** GIVEN INFORMATION follows **

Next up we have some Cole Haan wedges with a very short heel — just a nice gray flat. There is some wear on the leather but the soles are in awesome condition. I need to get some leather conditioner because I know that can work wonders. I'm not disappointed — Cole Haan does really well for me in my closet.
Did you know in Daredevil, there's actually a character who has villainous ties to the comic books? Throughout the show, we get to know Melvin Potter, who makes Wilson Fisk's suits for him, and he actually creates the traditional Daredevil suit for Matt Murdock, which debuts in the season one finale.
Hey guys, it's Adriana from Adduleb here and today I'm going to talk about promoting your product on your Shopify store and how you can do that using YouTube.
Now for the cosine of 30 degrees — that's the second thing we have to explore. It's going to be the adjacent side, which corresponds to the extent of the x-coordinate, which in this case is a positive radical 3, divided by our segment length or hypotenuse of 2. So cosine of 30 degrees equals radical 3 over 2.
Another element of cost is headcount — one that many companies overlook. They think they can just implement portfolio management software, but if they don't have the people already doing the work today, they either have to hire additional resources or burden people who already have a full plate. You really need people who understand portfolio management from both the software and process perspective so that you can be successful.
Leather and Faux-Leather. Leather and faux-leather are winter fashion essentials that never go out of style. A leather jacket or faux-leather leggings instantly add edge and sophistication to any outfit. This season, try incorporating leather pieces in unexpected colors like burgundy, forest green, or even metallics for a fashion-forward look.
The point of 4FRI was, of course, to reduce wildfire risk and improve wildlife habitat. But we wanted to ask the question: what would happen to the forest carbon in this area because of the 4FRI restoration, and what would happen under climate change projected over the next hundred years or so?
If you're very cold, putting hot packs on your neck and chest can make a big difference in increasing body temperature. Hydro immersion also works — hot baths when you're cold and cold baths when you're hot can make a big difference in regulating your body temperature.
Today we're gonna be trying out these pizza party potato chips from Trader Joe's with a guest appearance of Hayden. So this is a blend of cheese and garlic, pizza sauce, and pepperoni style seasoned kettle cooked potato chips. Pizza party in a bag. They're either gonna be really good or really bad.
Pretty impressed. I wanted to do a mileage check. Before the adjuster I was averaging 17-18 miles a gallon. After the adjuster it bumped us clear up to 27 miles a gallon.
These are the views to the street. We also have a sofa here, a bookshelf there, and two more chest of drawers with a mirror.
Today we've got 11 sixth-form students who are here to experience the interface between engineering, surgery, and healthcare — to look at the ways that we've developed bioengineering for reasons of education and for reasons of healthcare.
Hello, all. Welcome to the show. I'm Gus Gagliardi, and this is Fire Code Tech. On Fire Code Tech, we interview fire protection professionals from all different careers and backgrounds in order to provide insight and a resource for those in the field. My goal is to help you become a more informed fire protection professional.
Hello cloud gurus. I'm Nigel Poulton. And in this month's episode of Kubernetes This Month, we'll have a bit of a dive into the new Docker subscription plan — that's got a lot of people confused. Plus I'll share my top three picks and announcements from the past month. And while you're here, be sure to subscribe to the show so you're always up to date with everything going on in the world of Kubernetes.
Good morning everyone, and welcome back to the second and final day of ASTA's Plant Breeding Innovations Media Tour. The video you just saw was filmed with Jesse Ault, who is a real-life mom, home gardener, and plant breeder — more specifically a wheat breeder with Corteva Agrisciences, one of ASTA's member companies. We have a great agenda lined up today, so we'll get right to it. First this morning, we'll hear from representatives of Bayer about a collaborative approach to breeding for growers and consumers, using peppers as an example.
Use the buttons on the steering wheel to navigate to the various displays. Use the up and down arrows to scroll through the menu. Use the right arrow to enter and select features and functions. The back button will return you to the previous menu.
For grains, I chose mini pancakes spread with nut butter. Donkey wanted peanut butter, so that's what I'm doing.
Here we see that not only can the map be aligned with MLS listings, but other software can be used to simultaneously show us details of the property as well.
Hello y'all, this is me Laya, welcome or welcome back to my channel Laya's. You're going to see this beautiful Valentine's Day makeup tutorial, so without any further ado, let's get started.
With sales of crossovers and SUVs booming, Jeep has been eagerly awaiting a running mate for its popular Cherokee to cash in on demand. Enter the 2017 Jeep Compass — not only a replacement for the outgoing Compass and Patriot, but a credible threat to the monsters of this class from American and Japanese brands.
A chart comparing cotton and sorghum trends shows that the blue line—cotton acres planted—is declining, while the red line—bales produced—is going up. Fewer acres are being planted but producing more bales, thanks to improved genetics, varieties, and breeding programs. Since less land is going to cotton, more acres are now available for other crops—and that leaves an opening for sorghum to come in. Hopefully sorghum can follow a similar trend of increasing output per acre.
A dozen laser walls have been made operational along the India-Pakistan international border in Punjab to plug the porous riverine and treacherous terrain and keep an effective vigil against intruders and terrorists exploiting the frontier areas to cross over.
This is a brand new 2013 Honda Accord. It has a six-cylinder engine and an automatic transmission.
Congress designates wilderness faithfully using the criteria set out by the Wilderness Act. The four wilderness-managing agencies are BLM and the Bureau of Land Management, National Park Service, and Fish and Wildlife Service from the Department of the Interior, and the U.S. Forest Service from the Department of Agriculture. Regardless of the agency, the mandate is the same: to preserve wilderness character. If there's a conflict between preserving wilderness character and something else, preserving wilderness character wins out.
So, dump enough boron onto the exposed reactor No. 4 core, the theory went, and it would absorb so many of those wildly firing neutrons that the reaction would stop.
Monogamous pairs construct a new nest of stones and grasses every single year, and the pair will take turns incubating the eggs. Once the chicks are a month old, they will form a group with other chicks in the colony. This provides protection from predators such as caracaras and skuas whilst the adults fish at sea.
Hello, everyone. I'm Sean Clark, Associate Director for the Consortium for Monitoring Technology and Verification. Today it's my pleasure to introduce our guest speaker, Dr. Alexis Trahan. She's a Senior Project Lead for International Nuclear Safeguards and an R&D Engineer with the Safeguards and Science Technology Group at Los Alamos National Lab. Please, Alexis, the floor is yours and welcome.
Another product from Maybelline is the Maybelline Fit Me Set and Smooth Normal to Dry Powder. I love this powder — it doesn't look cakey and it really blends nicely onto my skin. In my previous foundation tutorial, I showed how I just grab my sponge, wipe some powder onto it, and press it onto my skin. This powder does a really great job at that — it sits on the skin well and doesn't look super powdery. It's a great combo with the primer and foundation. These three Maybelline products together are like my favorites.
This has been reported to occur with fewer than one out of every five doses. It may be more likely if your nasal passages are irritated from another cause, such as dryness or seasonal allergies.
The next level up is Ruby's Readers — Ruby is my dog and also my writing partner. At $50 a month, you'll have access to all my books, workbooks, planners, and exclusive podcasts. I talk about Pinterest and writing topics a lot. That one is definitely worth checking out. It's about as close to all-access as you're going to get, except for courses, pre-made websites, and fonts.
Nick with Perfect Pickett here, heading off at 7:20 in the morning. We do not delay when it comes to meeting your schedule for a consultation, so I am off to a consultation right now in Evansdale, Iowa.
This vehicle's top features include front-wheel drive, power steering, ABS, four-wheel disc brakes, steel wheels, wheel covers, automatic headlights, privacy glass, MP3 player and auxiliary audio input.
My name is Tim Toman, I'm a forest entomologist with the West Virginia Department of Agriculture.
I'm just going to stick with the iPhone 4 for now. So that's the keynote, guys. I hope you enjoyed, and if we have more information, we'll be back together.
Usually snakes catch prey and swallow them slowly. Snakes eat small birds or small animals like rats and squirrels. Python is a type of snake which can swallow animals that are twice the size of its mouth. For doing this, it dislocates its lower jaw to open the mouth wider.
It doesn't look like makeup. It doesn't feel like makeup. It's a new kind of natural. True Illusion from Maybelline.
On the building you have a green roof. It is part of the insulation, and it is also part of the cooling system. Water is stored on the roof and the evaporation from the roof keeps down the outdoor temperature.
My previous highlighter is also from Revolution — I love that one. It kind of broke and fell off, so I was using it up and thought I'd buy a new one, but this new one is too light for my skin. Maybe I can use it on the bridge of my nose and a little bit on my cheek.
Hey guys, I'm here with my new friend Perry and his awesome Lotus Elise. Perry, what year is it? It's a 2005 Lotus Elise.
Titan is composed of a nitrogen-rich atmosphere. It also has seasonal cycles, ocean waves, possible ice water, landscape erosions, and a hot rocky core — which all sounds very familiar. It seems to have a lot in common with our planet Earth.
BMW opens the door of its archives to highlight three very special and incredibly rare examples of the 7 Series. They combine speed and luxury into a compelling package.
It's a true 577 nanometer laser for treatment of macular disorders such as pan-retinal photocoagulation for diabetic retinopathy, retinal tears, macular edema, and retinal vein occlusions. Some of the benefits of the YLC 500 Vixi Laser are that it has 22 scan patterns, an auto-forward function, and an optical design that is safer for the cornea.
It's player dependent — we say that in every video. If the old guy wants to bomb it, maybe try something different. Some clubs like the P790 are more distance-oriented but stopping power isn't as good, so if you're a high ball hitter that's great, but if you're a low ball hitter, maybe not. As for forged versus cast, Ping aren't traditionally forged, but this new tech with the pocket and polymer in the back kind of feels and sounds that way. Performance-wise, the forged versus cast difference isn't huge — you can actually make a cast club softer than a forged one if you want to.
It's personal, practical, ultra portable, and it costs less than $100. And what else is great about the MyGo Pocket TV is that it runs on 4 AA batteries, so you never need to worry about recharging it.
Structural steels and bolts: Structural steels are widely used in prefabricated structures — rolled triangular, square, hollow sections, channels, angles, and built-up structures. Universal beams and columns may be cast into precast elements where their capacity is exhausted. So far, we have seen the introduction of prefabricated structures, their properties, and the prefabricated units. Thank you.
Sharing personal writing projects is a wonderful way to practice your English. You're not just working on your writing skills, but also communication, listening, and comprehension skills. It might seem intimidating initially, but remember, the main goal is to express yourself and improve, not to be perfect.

** End of GIVEN INFORMATION **

## THE PROBLEM
What are the lines, exactly as written above, from the line with "Hey guys, it's" to the line with "Now for the", both included? Output only those.

## SOLUTION
Hey guys, it's Adriana from Adduleb here and today I'm going to talk about promoting your product on your Shopify store and how you can do that using YouTube.
Now for the cosine of 30 degrees — that's the second thing we have to explore. It's going to be the adjacent side, which corresponds to the extent of the x-coordinate, which in this case is a positive radical 3, divided by our segment length or hypotenuse of 2. So cosine of 30 degrees equals radical 3 over 2.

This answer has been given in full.